§ WHAT THE TASK ASKS
Everything from the line with "en Punto Ticket" to the line with "Bach-Luther-Kantate Umschlag" in the listing below, both lines included, needs to be copied exactly, apart from the pictures.

§ MATERIAL FOR THIS TASK
=====
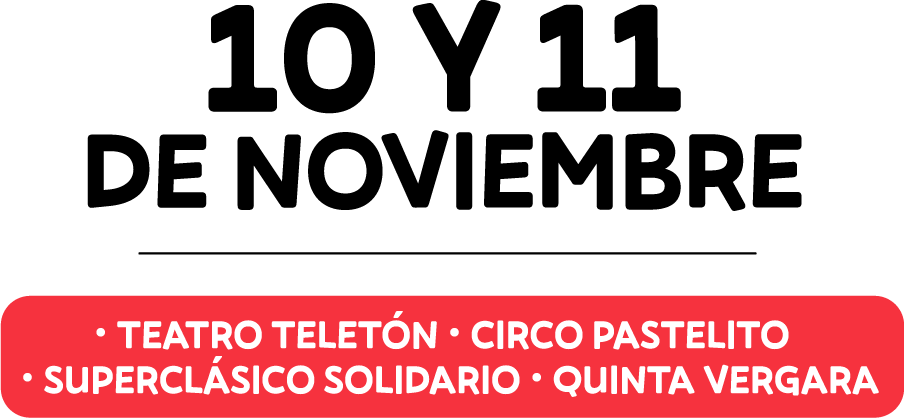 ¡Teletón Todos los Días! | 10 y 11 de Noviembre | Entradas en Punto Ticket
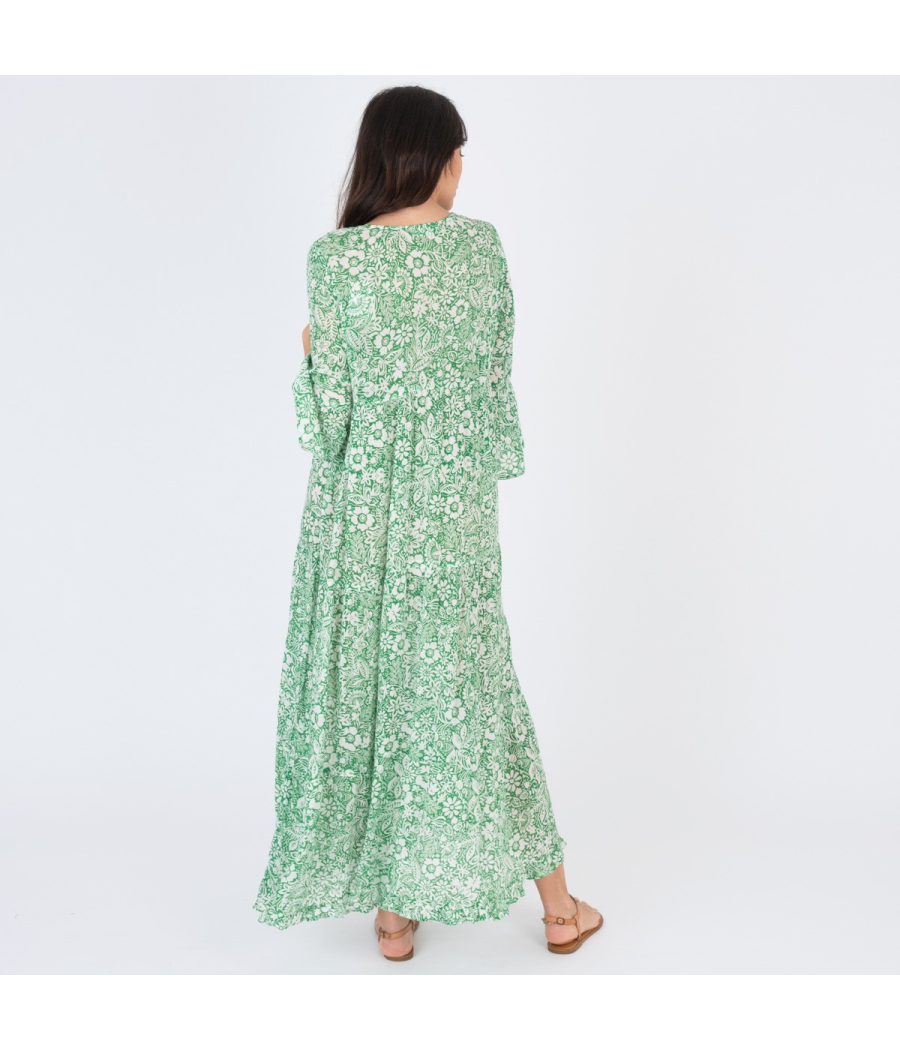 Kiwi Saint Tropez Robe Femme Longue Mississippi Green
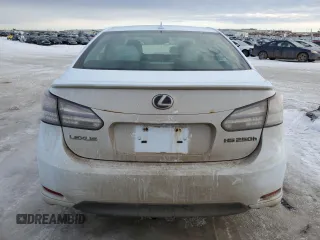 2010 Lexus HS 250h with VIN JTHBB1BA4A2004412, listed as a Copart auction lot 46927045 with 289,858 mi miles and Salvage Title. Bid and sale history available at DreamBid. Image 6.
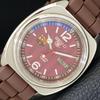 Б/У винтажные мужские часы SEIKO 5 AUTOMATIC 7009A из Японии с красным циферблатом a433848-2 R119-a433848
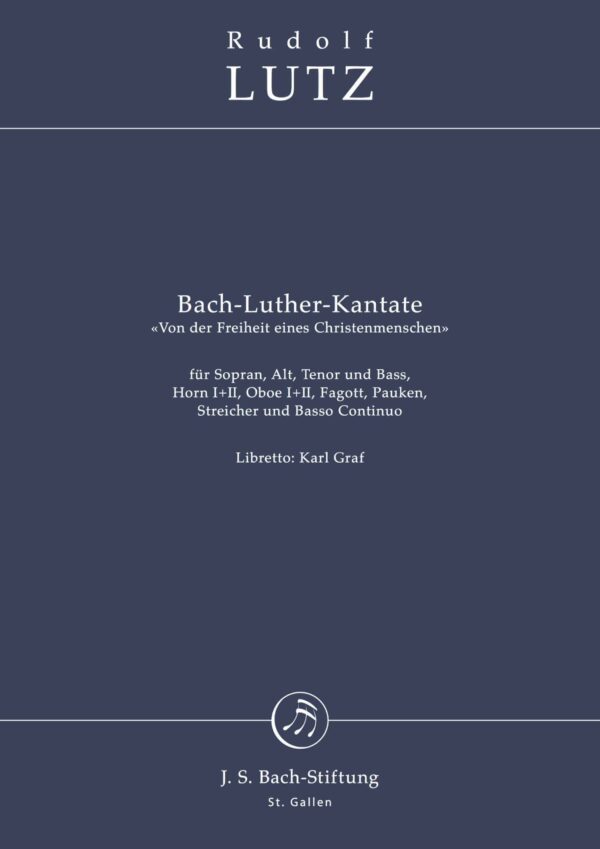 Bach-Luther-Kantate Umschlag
=====
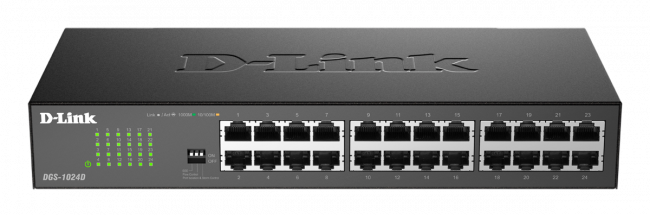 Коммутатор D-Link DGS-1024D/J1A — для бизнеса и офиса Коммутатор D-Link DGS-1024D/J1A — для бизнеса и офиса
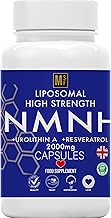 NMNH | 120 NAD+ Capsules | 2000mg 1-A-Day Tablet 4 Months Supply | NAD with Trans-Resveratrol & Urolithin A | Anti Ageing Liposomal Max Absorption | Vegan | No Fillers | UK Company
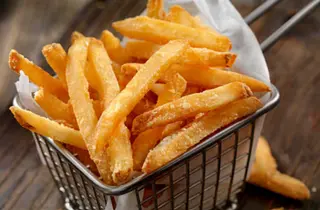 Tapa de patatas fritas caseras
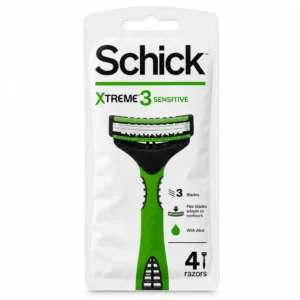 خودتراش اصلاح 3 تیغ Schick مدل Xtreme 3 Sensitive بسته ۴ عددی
=====
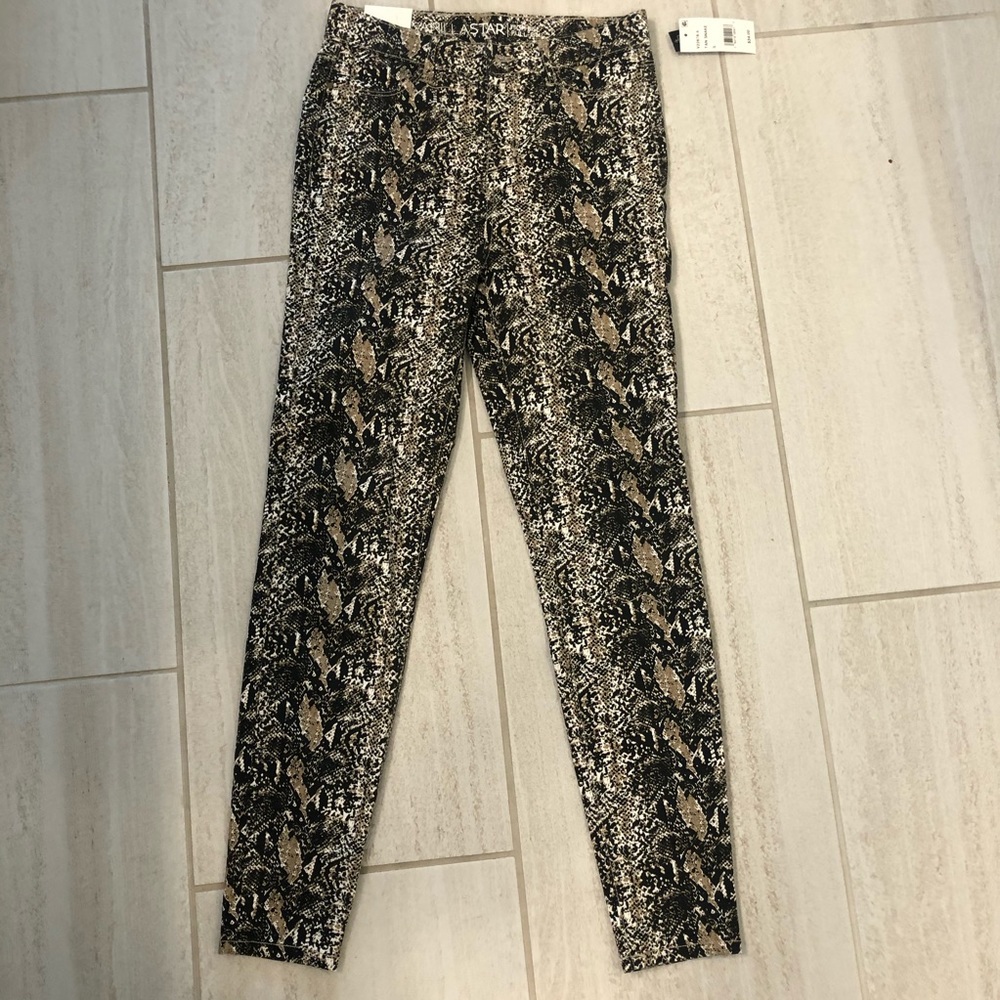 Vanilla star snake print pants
=====
§ RESULT OF THIS EXERCISE
 ¡Teletón Todos los Días! | 10 y 11 de Noviembre | Entradas en Punto Ticket
 Kiwi Saint Tropez Robe Femme Longue Mississippi Green
 2010 Lexus HS 250h with VIN JTHBB1BA4A2004412, listed as a Copart auction lot 46927045 with 289,858 mi miles and Salvage Title. Bid and sale history available at DreamBid. Image 6.
 Б/У винтажные мужские часы SEIKO 5 AUTOMATIC 7009A из Японии с красным циферблатом a433848-2 R119-a433848
 Bach-Luther-Kantate Umschlag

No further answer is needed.